Uma característica em comum com a alcachofra e outros membros da família das Asteráceas é que o tubérculo do tupinambo armazena inulina, um tipo de carboidrato considerado fibra solúvel, importante substrato para a flora intestinal e por isso considerado um ótimo aliado para o bom trabalho de nossa microbiota intestinal e bastante funcional para diabéticos. Em excesso, porém, pode causar muita fermentação e desconforto por causa dos gases formados.  Basta usar com moderação. Como o sabor é agradavelmente marcante, para quem é mais sensível, é só usar uma pequena quantidade combinada a outros legumes para dar um sabor especial a sopas, cremes, purês, saladas etc.
Há muitas variedades da mesma espécie, com bulbos mais organizados, menos disformes, mas a vantagem é que mesmo aqueles com mais protuberâncias podem ser consumidos com a pele.  Podem ser cozidos inteiros, por cerca de 20 minutos, começando com água fria como para cozinhar batatas, ou já picados ou fatiados, por 5 minutos ou mais a depender da espessura dos pedaços.  Na sopa, qualquer pedaço dele já confere um sabor muito bom e pode ser usado como tempero.
Apesar da textura firme como uma cenoura, é frágil como a batata-baroa ou mandioquinha e, se deixado desprotegido em temperatura ambiente, logo perde umidade, ficando murcho e apodrece com facilidade.  Então, quando o encontrar em feira de produtores, para consumo, o melhor jeito de conservar é dentro de recipiente bem fechado na geladeira. Antes, porém, embale os tubérculos em saco de papel para que absorva a umidade evitando apodrecimento.  E se estiverem murchos, mergulhe-os em água fria e limpa e espere meia hora. Ficarão firmes novamente.

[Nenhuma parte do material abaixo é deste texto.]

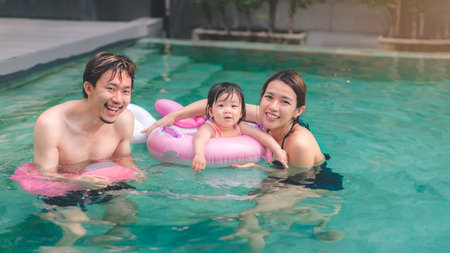 Asian little baby girl swimming and wear rubber ring  in pool, Mother and father holding daughter for safety support, Living lifestyle family indoors concept.の写真素材
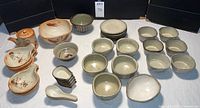 Overall display of various rustic Asian pottery on white cloth - includes teapot, small bowls, spoons, and plates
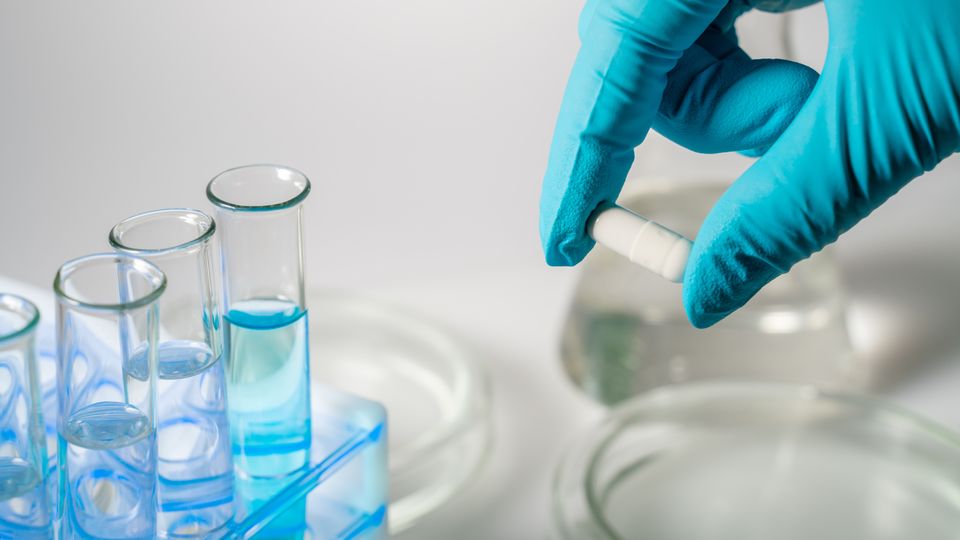 A gloved hand holds a white capsule between thumb and finger. Test tubes and petri dishes visible.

Segue aqui uma receita circunstancial que fiz com os ingredientes que tinha em casa. O modelo pode ser o mesmo e você adapte com o que tenha por perto, mantendo, claro, os tupinambos, que farão toda a diferença.

 


Macarrão chumbinho com tupinambo

200 g de macarrão chumbinho
50 g de amêndoas cruas picadas grosseiramente
3 colheres (sopa) de azeite
100 g de cebola média picada finamente
100 g de cenoura picada finamente
100 g de vagem picada em fatias finas
250 g de tupinambo bem lavado, sem descascar, picado finamente
50 g de uvas passas pretas
Sal a gosto
1 pitada de pimenta calabresa
2 colheres (sopa) de salsa-do-líbano picada finamente (use salsa comum, se for mais fácil)

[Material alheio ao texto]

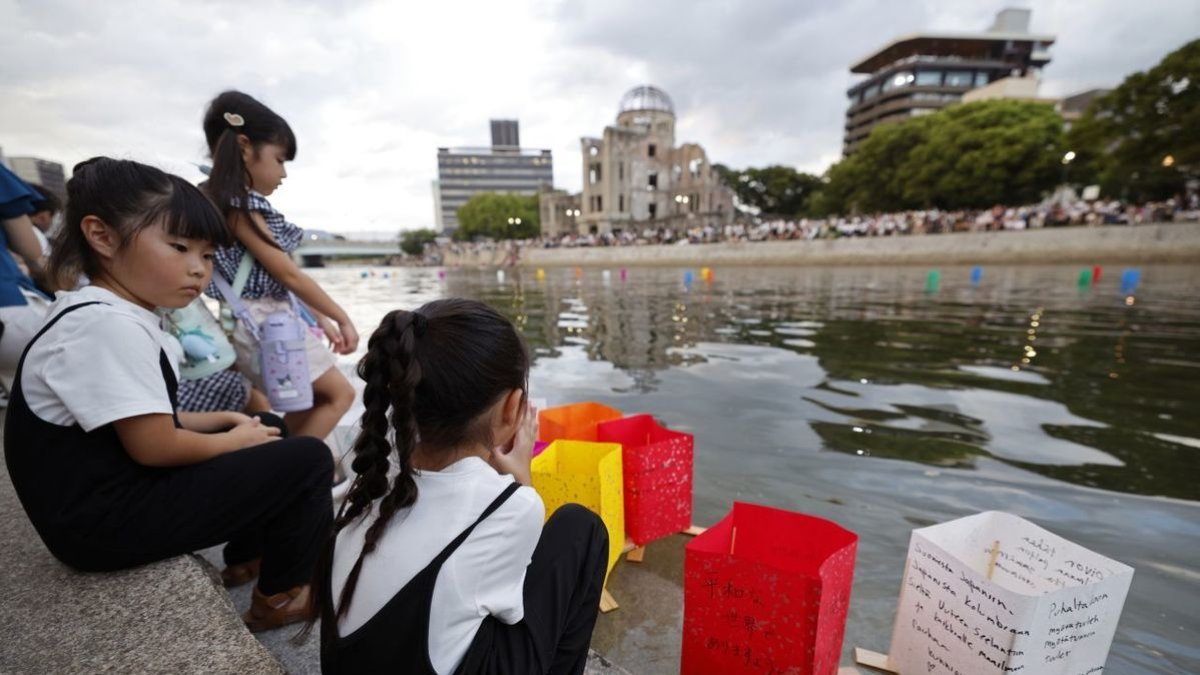 Unes nenes observen al riu Motoyasu els fanalets de paper en memòria de les víctimes de l’atac nuclear. - EUROPA PRESS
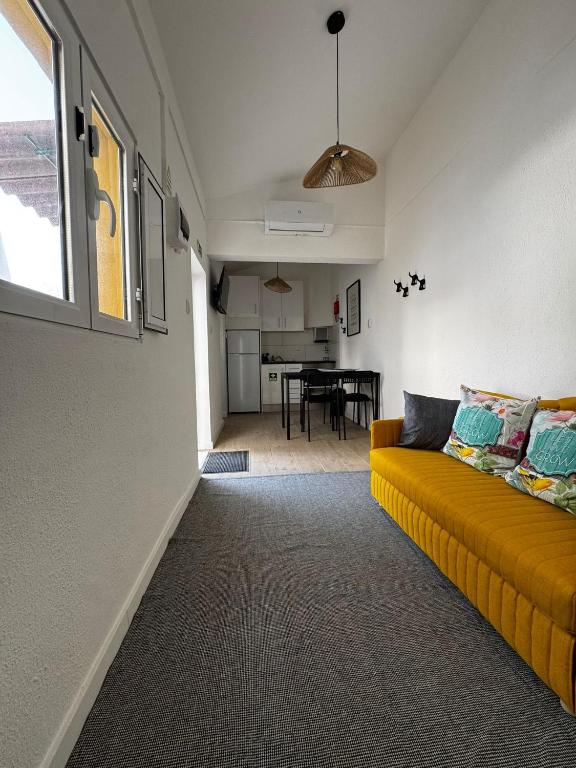 a living room with a yellow couch and a table at T'Inácia Guest House in Évora
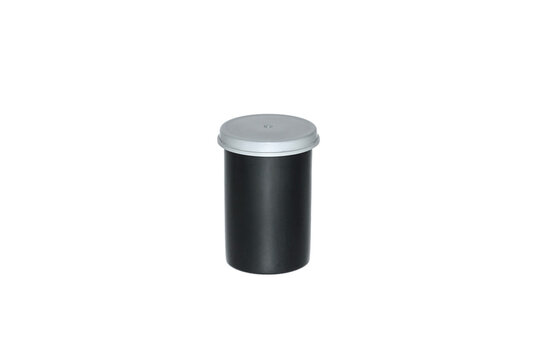Black plastic film case with grey cap. Body for the photo film. Isolated on white background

Em uma panela com 2 litros de água fervente e 1 colher (chá) de sal, cozinhe o macarrão até ficar macio, cerca de 5 minutos. Escorra e passe em água fria, para tirar o excesso de amido. Deixe escorrendo.
Numa frigideira grande, coloque a amêndoa e leve ao fogo médio, mexendo sempre, até que comece a dourar.  Reserve.

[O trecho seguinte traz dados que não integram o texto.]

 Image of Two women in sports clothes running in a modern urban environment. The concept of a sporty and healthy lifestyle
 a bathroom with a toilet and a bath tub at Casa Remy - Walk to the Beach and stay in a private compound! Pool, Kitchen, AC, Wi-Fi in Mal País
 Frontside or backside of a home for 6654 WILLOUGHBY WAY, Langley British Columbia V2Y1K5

Na mesma frigideira, coloque o azeite, leve ao fogo e espere aquecer. Junte a cebola e refogue, mexendo, até que fique transparente. Junte a cenoura, a vagem, o tupinambo, as passas, o sal e a pimenta.  Deixe cozinhar sem parar de mexer delicadamente até que os legumes estejam cozidos mas ainda crocantes.   Junte o macarrão escorrido e incorpore aos legumes. Assim que estiver bem quente, desligue o fogo, distribua em 4 pratos e espalhe por cima as amêndoas e a salsa picada.  Sirva quente.